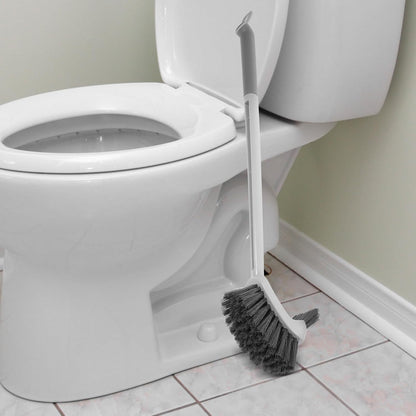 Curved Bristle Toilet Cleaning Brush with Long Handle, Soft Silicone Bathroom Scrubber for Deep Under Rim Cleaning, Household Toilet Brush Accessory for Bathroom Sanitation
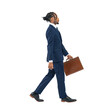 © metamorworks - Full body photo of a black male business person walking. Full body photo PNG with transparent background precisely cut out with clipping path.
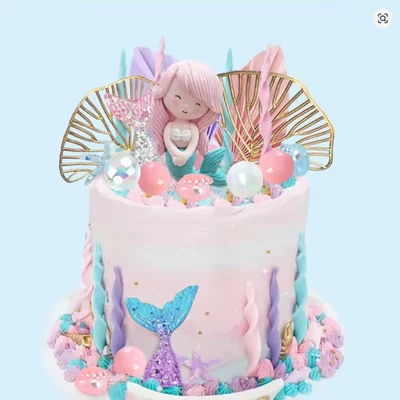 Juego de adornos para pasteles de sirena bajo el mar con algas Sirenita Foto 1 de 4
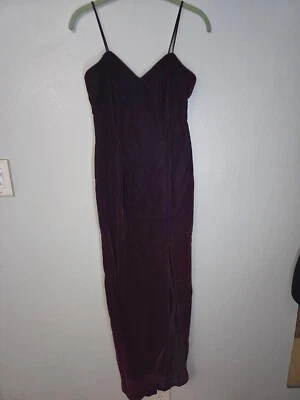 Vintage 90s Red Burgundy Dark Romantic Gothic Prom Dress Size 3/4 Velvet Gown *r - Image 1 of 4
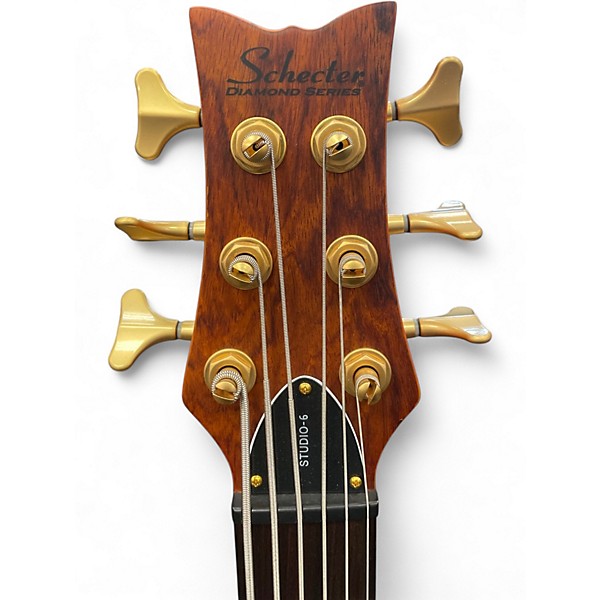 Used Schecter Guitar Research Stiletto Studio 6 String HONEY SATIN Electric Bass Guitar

□ □ □ □ □ □ □

_TASK TO CARRY OUT_
The line containing "with clipping path." and each line after it through the end of the listing above are to be written out exactly, without the pictures.

_ANSWER TO THIS EXERCISE_
 © metamorworks - Full body photo of a black male business person walking. Full body photo PNG with transparent background precisely cut out with clipping path.
 Juego de adornos para pasteles de sirena bajo el mar con algas Sirenita Foto 1 de 4
 Vintage 90s Red Burgundy Dark Romantic Gothic Prom Dress Size 3/4 Velvet Gown *r - Image 1 of 4
 Used Schecter Guitar Research Stiletto Studio 6 String HONEY SATIN Electric Bass Guitar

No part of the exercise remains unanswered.